Spring Tulip Suite Stationary and New Rural Landscapes

April 3, 2025 by Iskra Leave a Comment

Pink Tulip Arabesque colored pencil drawing
Spring Tulip Arabesque, from an original drawing in colored pencil on Moleskine

It’s Tariff Week, and the stock ticker has gone missing from Fox News today, presumably to indicate what a special moment this is. It’s beginning to feel a lot like 2008. That was the spring I sat stunned at my kitchen table watching the securities auctions fail, the securities that TD Ameritrade had said “were as safe as a money market but better.” My kitchen table became my oasis for reinventing sanity and meaning through drawing. There was no internet, only a radio and a tape cassette. Silence, doom, music, repeat. The silence was at first excruciating, but as I drew, it became an enveloping calm and helped me through a time of instability and fear I had not known before. The blog post of that moment has come in handy several times since. Kitchen tables stand the test of time.

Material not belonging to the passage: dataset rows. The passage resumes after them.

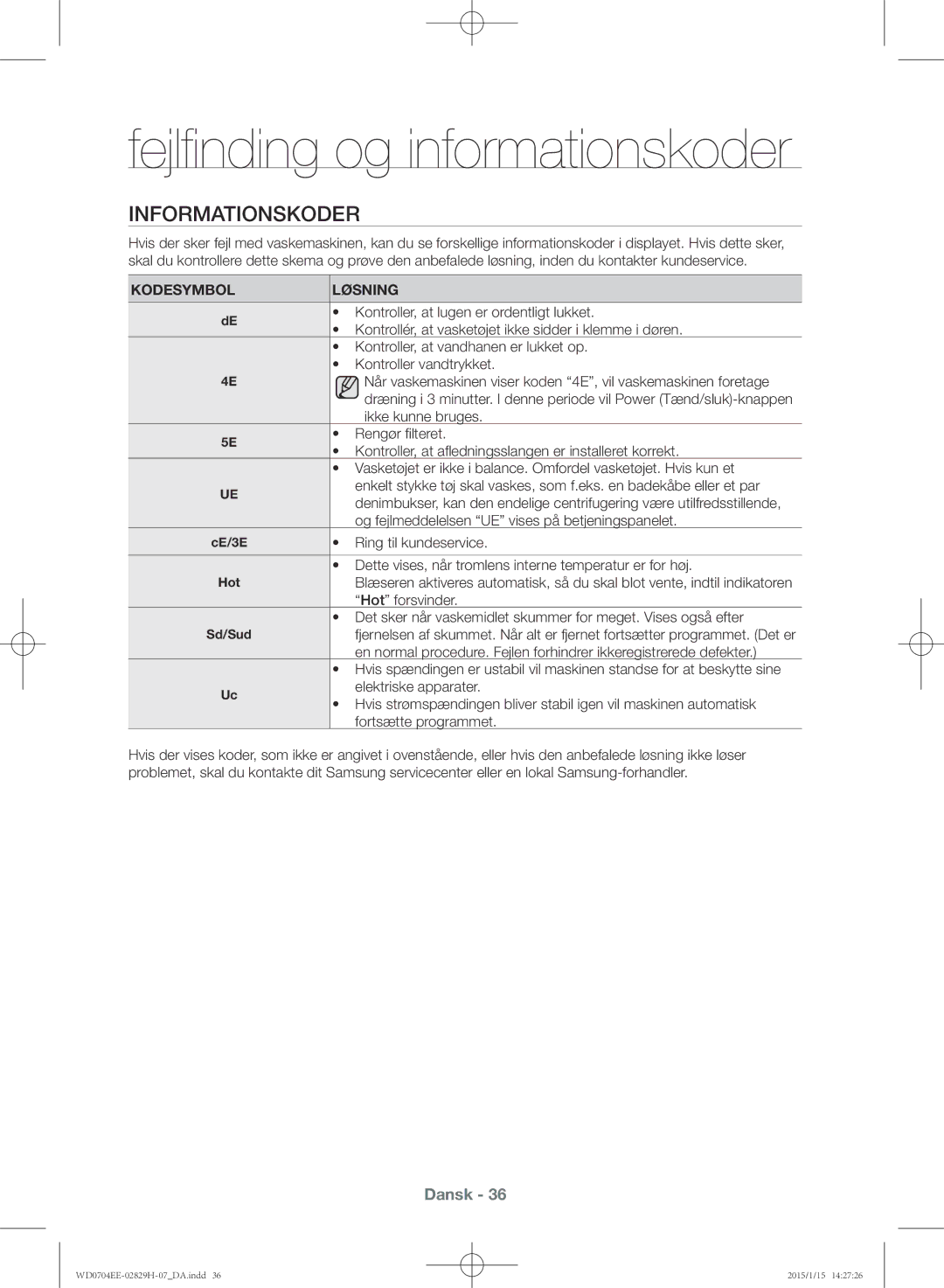 Samsung WD0704EEC/XEE manual Fejlfinding og informationskoder, Informationskoder, Kodesymbol Løsning 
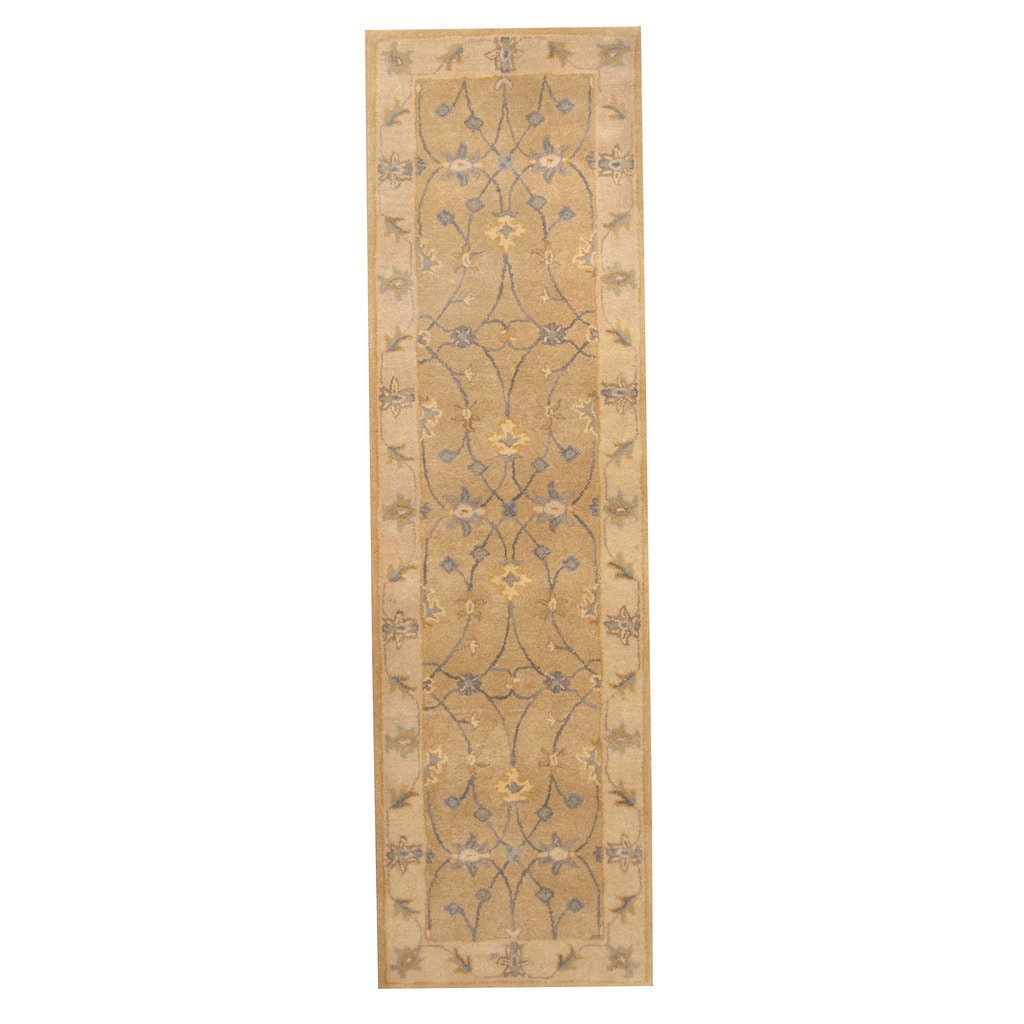 Handmade Mahal Wool Runner (India) - 2'4 x 8'1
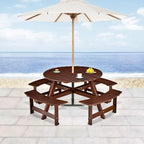 Wood Round Picnic Tables Set with Umbrella Hole and Benches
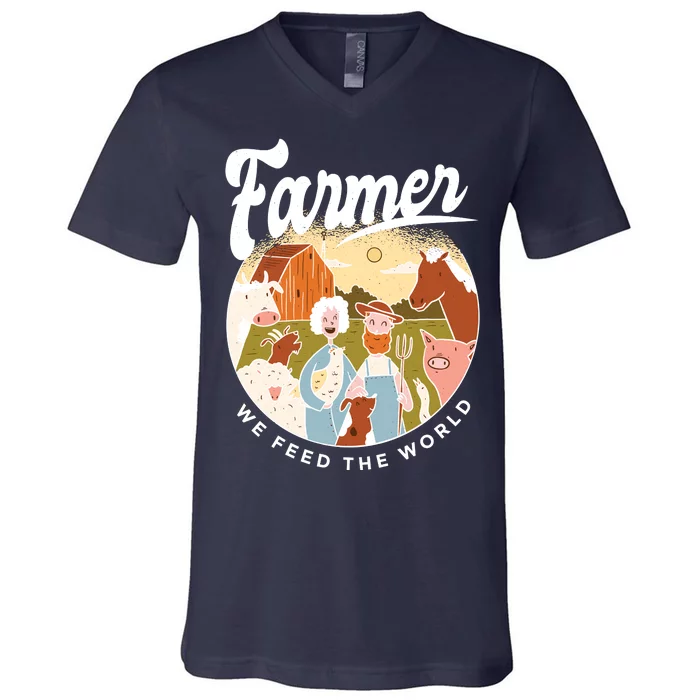 Farmer We Feed The World V-Neck T-Shirt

In honor of that memory I have returned to the work created then and refined the drawings as the Spring Tulip Suite in my stationary collection. It has been a quiet revelation to pick up a pencil and to go back into work done 17 years ago. As part of my TariffWeek sale, subscribers to my newsletter receive a 10% discount on items in my shop (excluding stationary.) If you would like to receive a discount code I would love to welcome you as a subscriber!

Tulip Suite Stationary
The Spring Tulip Suite, from originals in colored pencil on Moleskine, available as fine stationary cards in my shop.
Tulip Leaves Fine Art Stationary
Tulip leaves are pure sculpture…As a leaf emerges it turns on its axis towards the light, and each turn creates a ripple of subtle greens and earth shades, at times picking up the blue of the sky.

In other print news, Seattle Art Museum Gallery has added a selection of unframed work from gallery artists, which you can peruse in the front of the gallery by the painting racks. I am excited to have a rotating collection of my limited edition prints there!

Farm Structures sketchbook
Farm structures, acrylic on prepared ground
Sky waiting for cloud form

As in 2020, the eerie lack of rails on society and the economy has brought the opportunity of time to explore and develop new ideas without external pressures. It is a great comfort to go “back to the land” and the farm structures and pastoral patterns of rural life that surrounded me as a child. If, at the end of the next four years, I can paint a convincing barn I’ll be happy. Here are a few quick glimpses of work in the studio: surface, abstraction, atmosphere and architecture.Farm Building 7

Regardless of the weather ahead, the sun today is lovely. I hope you can find the time to take a walk, gather camelias, and admire the incorruptible beauty of spring.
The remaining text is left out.